_Instructions for the task_
Whenever a picture appears in the listing below, leave it out, and copy exactly the lines from the one containing "Red Cherry Cube" through the end.

_Records provided_
--------

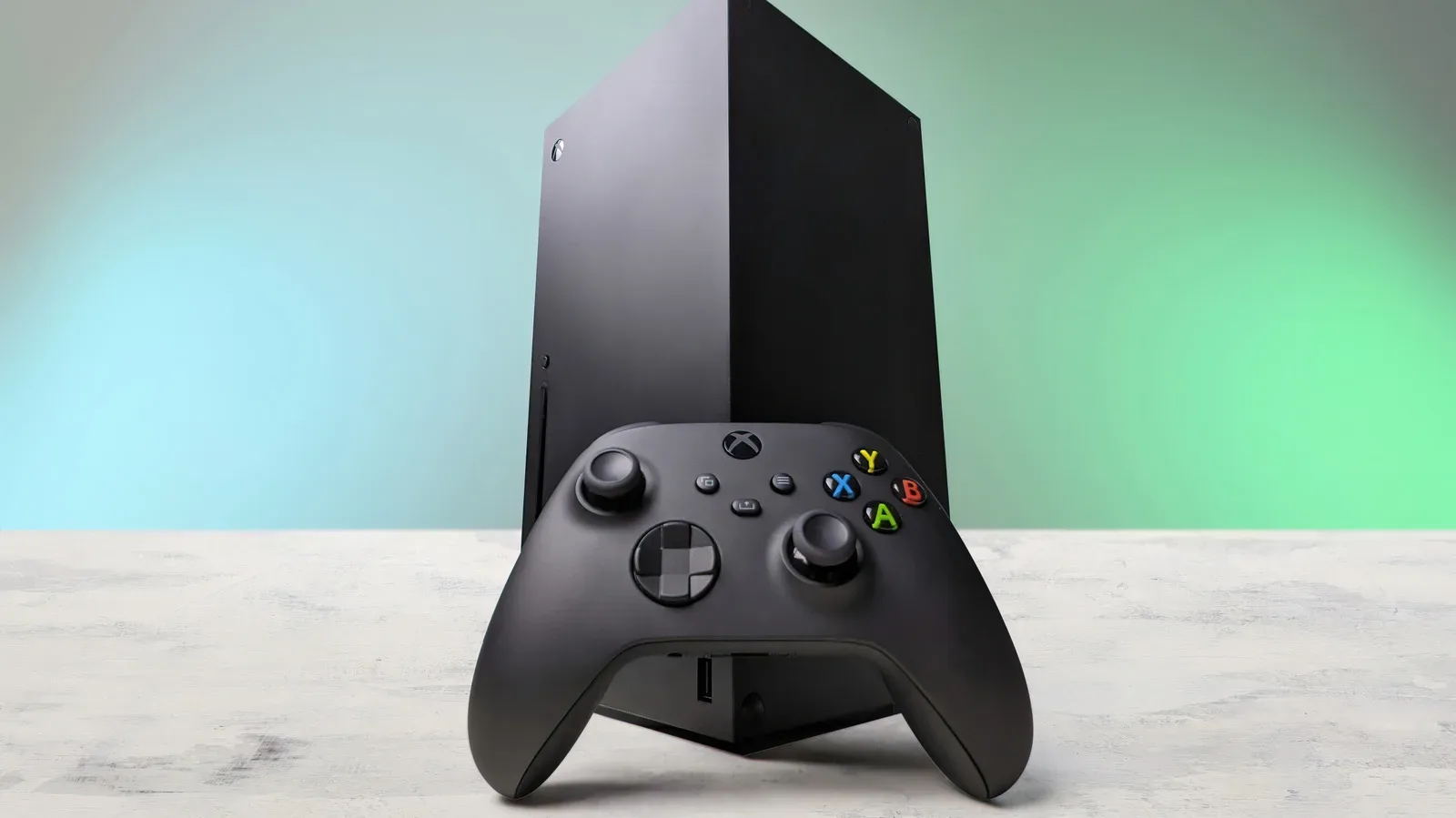 Xbox Series X beside a desktop PC tower illustrating the console versus PC cost comparison
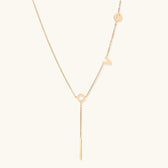 Gold Y-shaped necklace with L-O-V-E letter charms and vertical bar pendant on delicate chain against cream background
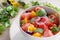 Bowl with delicious watermelon salad on plate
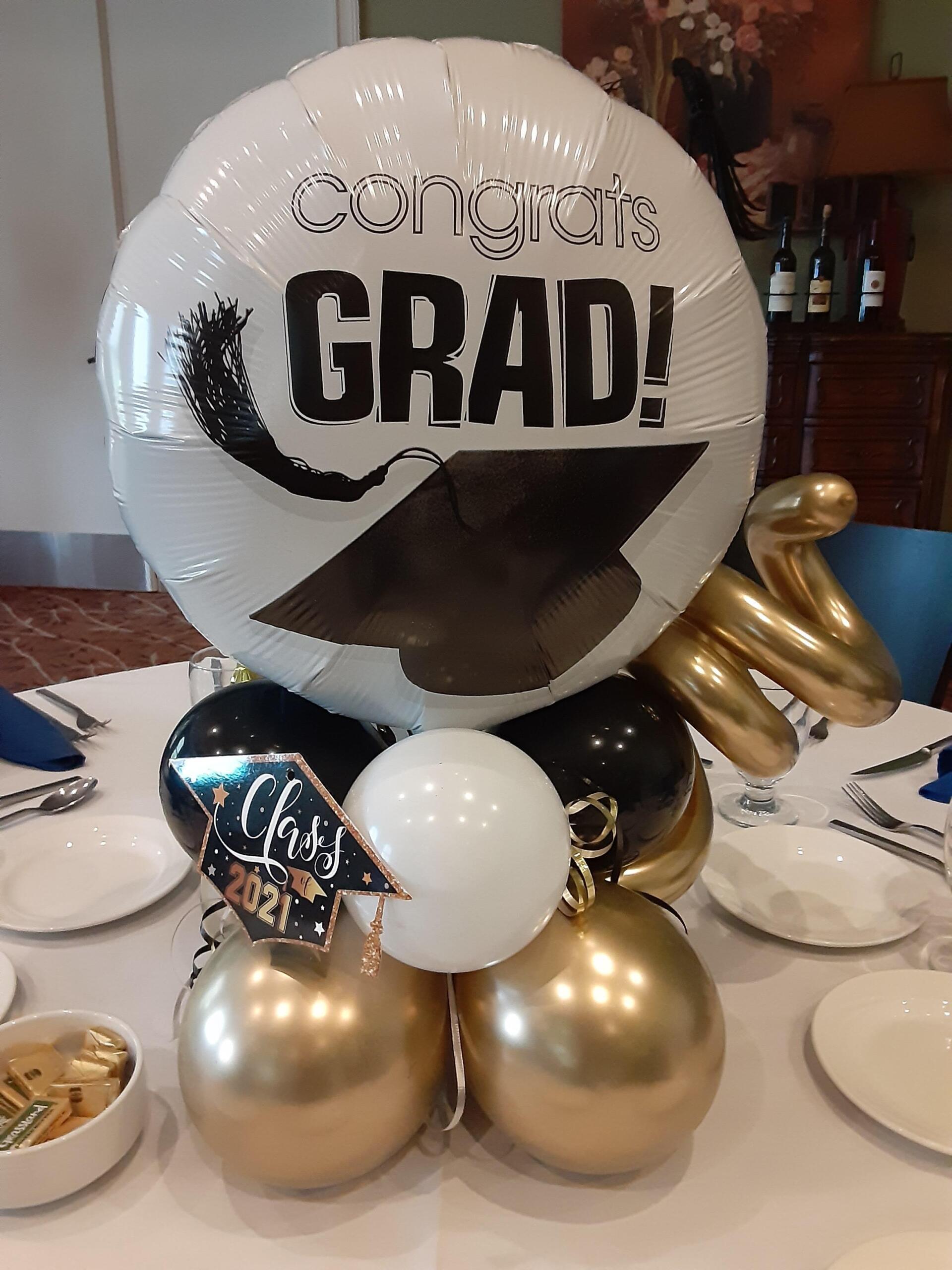 A congratulations grad balloon is sitting on top of a table with balloons.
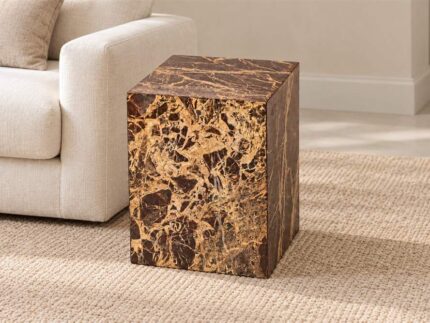 Red Cherry Cube Table with rich red-brown and gold veining beside a cream sofa in a living room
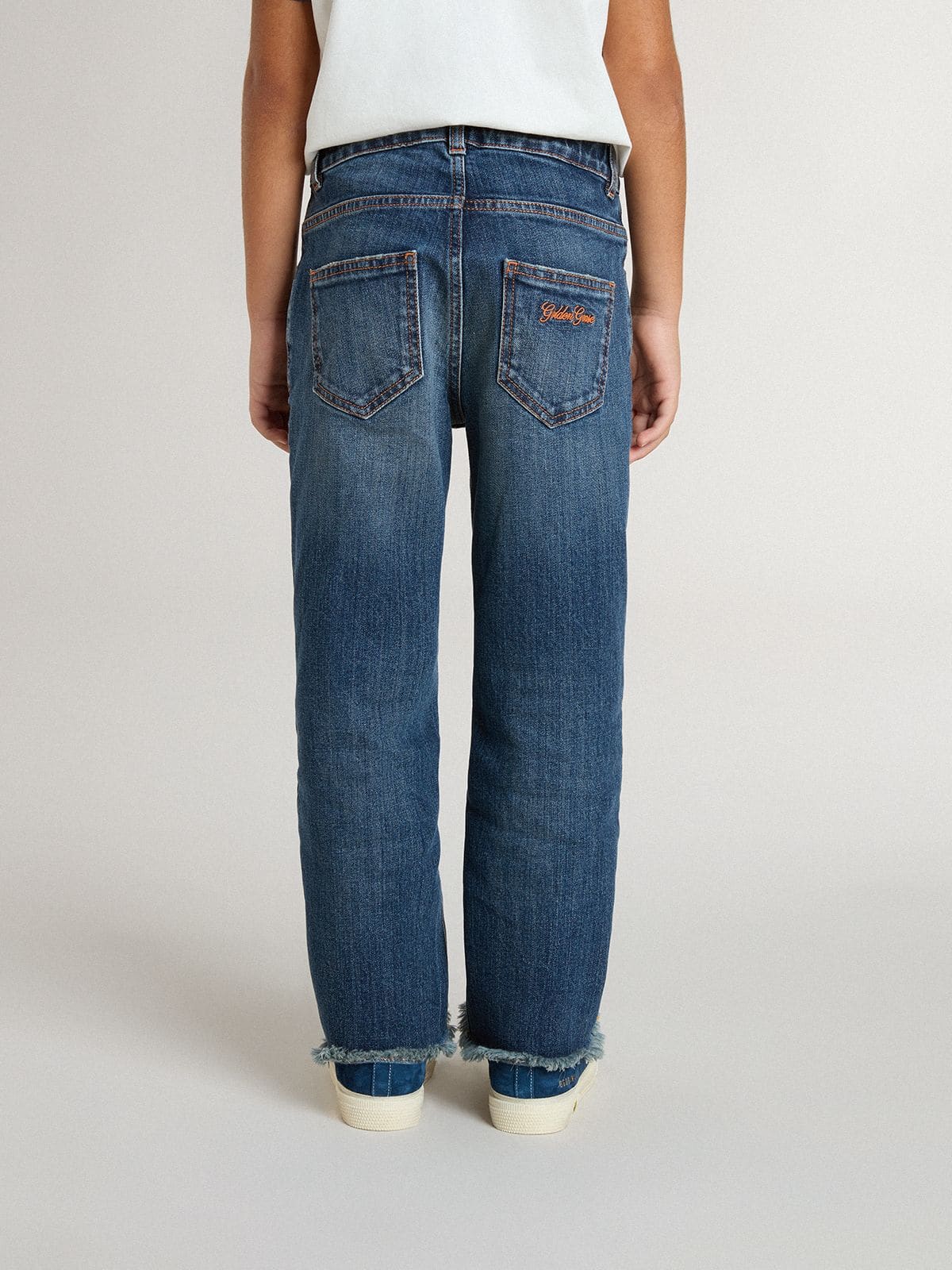 Boys' denim jeans with a raw edge and embroidery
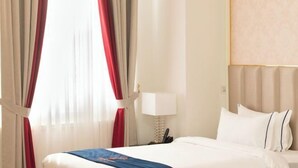 A hotel room with a bed, curtains, a lamp, and a headboard. - The Premier Palace Hotel and Spa (Phnom Penh)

--------

_Solution to this problem_
 Red Cherry Cube Table with rich red-brown and gold veining beside a cream sofa in a living room
 Boys' denim jeans with a raw edge and embroidery
 A hotel room with a bed, curtains, a lamp, and a headboard. - The Premier Palace Hotel and Spa (Phnom Penh)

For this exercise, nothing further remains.